Building Data Intuition for Marketers

The more I interact with seemingly sophisticated companies who fat finger their attempts at personalization, the more I appreciate the efforts of companies who really get me. You would think I’m referring to the independent corner coffee shops, but it’s when a behemoth enterprise somehow manages to establish a relationship with me that I’m truly impressed. As a marketer, I know that the first prerequisite to “getting” a customer is a robust, accurate, and densely populated customers database. Increasingly, these data are built on the backs of consumers’ digital activities—the sites they visit, their musical habits, or whether they are a home remodeler or a fly fisherman.

The Face Validity Test

However, even with all of that data, the feeling of “you get me” is still elusive. One reason is that too many sophisticated companies forget the basics because they are so sophisticated. Marketers assume that the models and AI components they get from data scientists are right if they show a lift. Likewise, data scientists assume marketers know their customers at an intuitive level. The real customer is all too often lost in the middle. So, grab some coffees, and ask your data or data science partner out on a “data date.” Your goal is to get to know each other—and the real customer hidden in the data.

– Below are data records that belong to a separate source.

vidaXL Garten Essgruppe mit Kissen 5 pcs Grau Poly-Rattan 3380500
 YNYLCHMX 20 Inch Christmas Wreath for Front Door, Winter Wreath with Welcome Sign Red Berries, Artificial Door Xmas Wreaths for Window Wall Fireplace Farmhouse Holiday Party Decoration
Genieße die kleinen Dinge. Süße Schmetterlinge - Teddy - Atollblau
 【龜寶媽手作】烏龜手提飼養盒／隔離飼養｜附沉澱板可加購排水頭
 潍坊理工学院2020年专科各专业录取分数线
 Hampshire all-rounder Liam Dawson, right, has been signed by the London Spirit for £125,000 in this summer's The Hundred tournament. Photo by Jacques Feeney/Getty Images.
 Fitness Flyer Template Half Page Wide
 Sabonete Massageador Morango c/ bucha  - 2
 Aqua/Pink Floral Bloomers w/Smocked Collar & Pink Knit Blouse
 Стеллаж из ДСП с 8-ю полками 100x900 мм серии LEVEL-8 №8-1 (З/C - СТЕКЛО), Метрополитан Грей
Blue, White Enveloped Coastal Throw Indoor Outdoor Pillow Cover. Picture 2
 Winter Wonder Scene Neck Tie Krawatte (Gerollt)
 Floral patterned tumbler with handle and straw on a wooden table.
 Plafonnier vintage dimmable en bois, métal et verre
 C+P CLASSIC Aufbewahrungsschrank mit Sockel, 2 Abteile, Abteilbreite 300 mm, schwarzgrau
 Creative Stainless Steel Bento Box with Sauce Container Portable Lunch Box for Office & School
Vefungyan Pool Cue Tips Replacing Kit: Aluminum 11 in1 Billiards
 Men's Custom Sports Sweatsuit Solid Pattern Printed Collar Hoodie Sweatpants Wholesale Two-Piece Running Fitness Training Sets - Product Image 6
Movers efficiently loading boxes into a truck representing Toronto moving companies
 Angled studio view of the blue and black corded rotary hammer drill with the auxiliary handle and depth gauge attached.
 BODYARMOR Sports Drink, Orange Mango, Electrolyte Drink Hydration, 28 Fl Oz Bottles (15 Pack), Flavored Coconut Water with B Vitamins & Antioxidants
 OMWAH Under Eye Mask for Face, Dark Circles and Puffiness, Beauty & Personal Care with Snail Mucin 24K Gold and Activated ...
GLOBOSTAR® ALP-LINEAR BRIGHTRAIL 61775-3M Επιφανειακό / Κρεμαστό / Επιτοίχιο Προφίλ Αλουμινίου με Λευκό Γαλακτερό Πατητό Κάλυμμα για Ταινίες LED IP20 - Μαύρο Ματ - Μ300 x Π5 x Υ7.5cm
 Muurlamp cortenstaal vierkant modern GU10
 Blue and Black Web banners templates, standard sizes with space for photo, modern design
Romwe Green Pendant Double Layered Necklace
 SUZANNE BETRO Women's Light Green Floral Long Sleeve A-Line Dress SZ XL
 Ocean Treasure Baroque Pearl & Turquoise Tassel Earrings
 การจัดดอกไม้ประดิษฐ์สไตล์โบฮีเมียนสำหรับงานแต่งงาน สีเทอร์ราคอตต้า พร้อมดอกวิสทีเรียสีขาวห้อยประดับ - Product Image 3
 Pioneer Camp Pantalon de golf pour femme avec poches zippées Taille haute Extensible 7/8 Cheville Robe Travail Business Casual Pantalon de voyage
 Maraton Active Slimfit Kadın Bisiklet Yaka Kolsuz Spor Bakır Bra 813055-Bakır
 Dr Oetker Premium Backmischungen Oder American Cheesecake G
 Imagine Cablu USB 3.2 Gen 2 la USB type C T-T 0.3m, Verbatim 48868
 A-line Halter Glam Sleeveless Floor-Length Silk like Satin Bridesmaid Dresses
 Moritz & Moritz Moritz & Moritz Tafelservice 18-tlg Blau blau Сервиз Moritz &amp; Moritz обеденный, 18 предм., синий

Here are three conversation starters:

1. Get and examine a tidy data extract

It’s impossible to get an intuitive understanding of data stored in normalized relational tables, or spread out in JSON files in a data lake. A solution is the tidy data extract:

  • Each row is a customer, and each column is something about that customer. The data will start out in a relational database, and that’s OK. But you want something you can see, touch, feel and eyeball quickly.
  • You don’t want a sample of 1 million records (if your customer base is that large), but you also don’t want a sample of 10 records. Too many records and both you and Excel will be overwhelmed, too few records and you won’t see enough variations of the data to really get it.
  • This should be a point-in-time view, and it doesn’t have to be real-time.

Go left to right, top to bottom. See the column headings. Eyeball the data. Does it mean anything to you? Are you capturing what you thought you were capturing? Do you need to ask for clarification? Are there many blank fields? Producing this kind of extract should be easy for your data partner. It might seem like a “no-brainer” to them, but you’ll immediately see texture that isn’t apparent in models, charts, or deciles.

2. Get the data dictionary

Yes, you just opened the documentation can of sour gummy worms—I guess that’s why data partners often make a face when they hear “data dictionary.” Still, it’s worth asking for one, because if one doesn’t exist, there’s a quick-and-dirty way to get one started.

Take the entire first-row headings of your customer data extract and transpose them on to a new spreadsheet. Start defining as best you can each of the column headings in plain English, with whatever limited knowledge you have. Give it a once-over and pass it on to your data-keeping friend for “review and clarification.” Kindly ask her to fill the remaining blanks, as well as some additional info. You may have to go through a few iterations of this back-and-forth, but do your best to make it thorough and keep it simple.

It’ll be the effort of writing down the definitions that will be valuable. This is college study habits 101—study the information by writing it down. What does this field mean? What is the acceptable range of values? You’ll find yourself full of insights after an exercise like this, ready to test in customer-facing go-to-market efforts.

3. Understand data coverage

Whereas data dictionary is an English-sentence version of what the data is supposed to show, data coverage metrics uncover the truth about the percentage of customer records with data populated for a given field. Any data scientist will tell you that missing data is the bane of their existence. A variable looks solid, and then 20% of the records are NAs. None of the options is good in this case (remove the records, interpolate, take the average, or set to zero for numerics.)

This is why it’s critical to find the gaps and begin to understand the strengths and weaknesses of your data asset. As you work through this understanding, you can start with the basics, as in “what’s filled out vs. what’s not” and put a percentage to it. Here are some examples.

  • Text fields are usually the most basic. For example, [Customer_Email_Address] might have a 76% coverage rate. Coverage doesn’t imply deliverability, but it’s a start.
  • Factor fields, like “segment” or “gender” are also easy to understand. In a database, these will still be stored as text, but they are different in practice—essentially pick-lists that have a set of allowable values. In some cases, you’ll find a variable like “unknown” that is distinct from an actual missing record. This might mean something different, so make sure you understand if “unknown gender” means the customer doesn’t want us to know or we never asked.
  • Continuous variables like income are trickier. You data friend might claim that 100% of records have income populated—but what if most of these are 0? To avoid these kinds of surprises, ask for a distribution of the data, like a histogram, or at the very least statistics like mean, median, and percentiles (usually 10th and 90th percentiles are good.)

These three exercises are just starter topics. Grabbing a coffee—or a conference room—with your data counterpart every month or so to get your collective hands dirty will go a long way to creating customized-feeling, one-on-one interactions with customers. It is this raw feel, more than models or deciles, which will drive the intuition you need as a direct marketer. Remember, it’s not always fancy models and AI that drive authentic, real-feeling experience. Spending time at “ground level” with your customer data isn’t necessarily sexy, but it drives real-world insights.